Josephus tells a colorful and suspenseful story, but since he is virtually the only source, it is hard to judge his accuracy. But in his story of failed resistance to occupation two millennia ago, it in some ways resembles the current Palestinian situation. Rebel bands generally sprang up in the countryside, outside Jerusalem itself, but the big city was the locus of action. Roman officials were particularly on guard during the great feasts, when the city population would be swollen by pilgrims from the countryside, some of whom might be rabble-rousers and take advantage of heightened fervor to instigate trouble.
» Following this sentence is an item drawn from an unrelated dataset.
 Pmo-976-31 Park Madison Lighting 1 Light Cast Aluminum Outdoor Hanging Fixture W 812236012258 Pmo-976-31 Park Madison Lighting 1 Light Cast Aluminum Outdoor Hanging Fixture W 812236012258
In Luke 13:1we see an incident that no doubt was triggered by such a situation: "There were some present at that very time who told him of the Galileans whose blood Pilate had mingled with their sacrifices."

 

During this time of resistance to Roman occupation, civilian Jewish blood was abundantly shed in the streets of Jerusalem. Sadly, it was other Jews who shed it. Josephus tells us that rebel gangs were harsh toward those who, like him, hesitated to join the revolution. At the end, when the Temple fell in 70 AD, three rival bands controlled the starving city, killing each other and ordinary citizens, who were already being driven by starvation to the point of cannibalism. In Jewish theology, the traditional explanation for the fall of Jerusalem has been that God punished the Jews for killing their fellow Jews.

 

Jesus, too, counseled his followers not to engage in armed resistance against Rome. Of course, we can't expect Jews and Muslims to heed his advice, but Christians should at least consider it. American Christians, in particular, are apt to feel kindred affection for armed rebellion against occupying forces. Yet, while living in a situation where taxes had to be paid to distant Rome, Jesus advised paying them. When a soldier could seize any citizen and compel him to carry his pack for a mile, Jesus advised offering to carry it a second mile.

 

A currently-popular interpretation suggests that Jesus meant, by this, to suggest a way to get the soldier in trouble. Such a notion indicates a complete failure to grasp the message of the Gospel. Jesus taught love of enemies - perhaps the highest and most difficult of spiritual disciplines, and the most contrary to our pride. He taught that, out of the raw material of humiliation, a conquered people can mine the gold of humility. This was borne out in the centuries of martyrdom, when Christians declined to defend their own lives, or even those of their children, and instead went singing to their deaths, convinced that they were conquerors.

 

Said says: "A life without dignity is worthless, especially if it reminds you, day after day, of humility and weakness." Jesus said "Blessed are you when men revile you and persecute you" (Matthew 5:11), exactly because this fiery purification forges spiritual power. These words are as hard today as they ever were. But to skirt around them by suggesting that Jesus enjoyed snarky vengeance is to miss the ethos of the Gospel completely.

 

A final problem exists for the Palestinian strugglers, one unconsidered in St. Augustine's time: the court of public opinion. Toward the end of the film one character says, "They [Israelis] have convinced the world, and themselves, that they are the victims. How can the occupier be the victim?" It is understandably frustrating. Yet his conclusion, "I must also be a victim, and a murderer as well," is guaranteed to sour the goodwill of those who otherwise would listen to his plea. 

 

In an early scene, we see Said standing before a landscape of autumnal trees and homes scattered in a valley. Something seems wrong with the image; it's too flat and the shadows are off. We realize that he is in a photo studio and the image is on a pull-down backdrop screen, the kind they'd use at K Mart. Behind Said's right shoulder, amid the valley trees, there is a white clapboard church. This tranquil New England scene is emblematic of this land we love, and may well show a valley where the blood of Redcoats and Patriots are still mingled deep in the earth. The sorrow in Said's eyes is vaster than the sea.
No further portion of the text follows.